WORK REQUEST => Your copy starts at the line containing "Rimorchio Cavalli Altra" and ends at the last line of the material below. Reproduce those lines exactly, with no pictures.

THE DATA =>
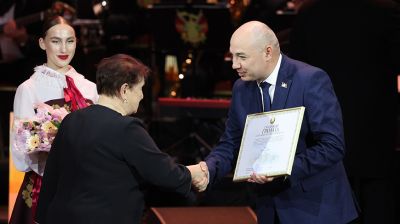 Победителей конкурса "Врач года " назвали в Минске 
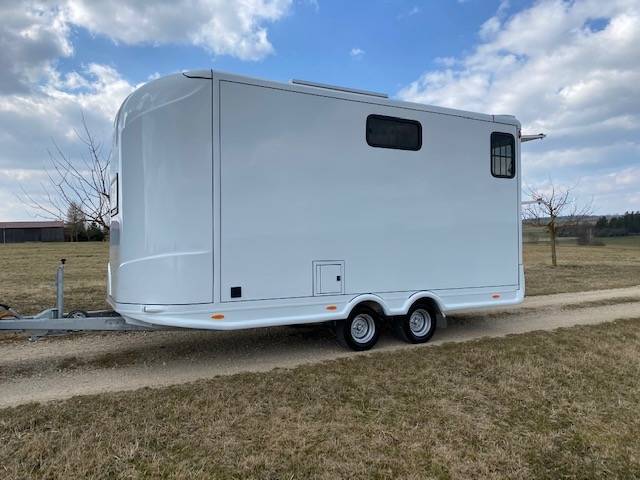 Rimorchio Cavalli Altra marca REMORQUE 0 Nuovo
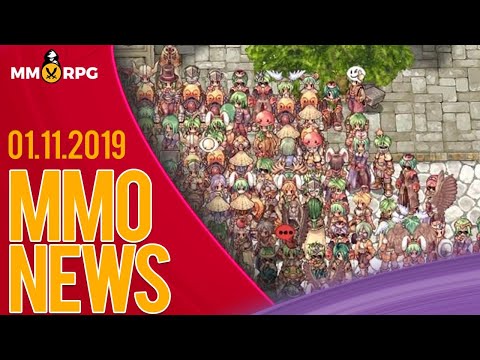 RAGNAROK ONLINE ZNIKA NA 2 MIESIĄCE oraz ... - MMONews 01.11.2019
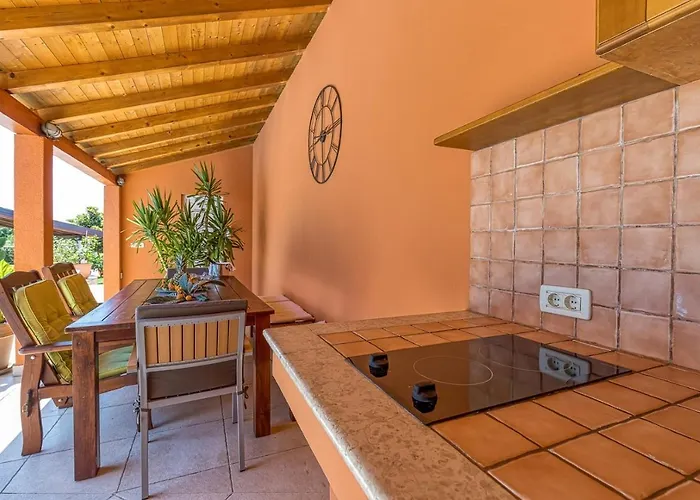 招待所 Complex Irena With Pool 波雷奇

SOLVED PROBLEM =>
 Rimorchio Cavalli Altra marca REMORQUE 0 Nuovo
 RAGNAROK ONLINE ZNIKA NA 2 MIESIĄCE oraz ... - MMONews 01.11.2019
 招待所 Complex Irena With Pool 波雷奇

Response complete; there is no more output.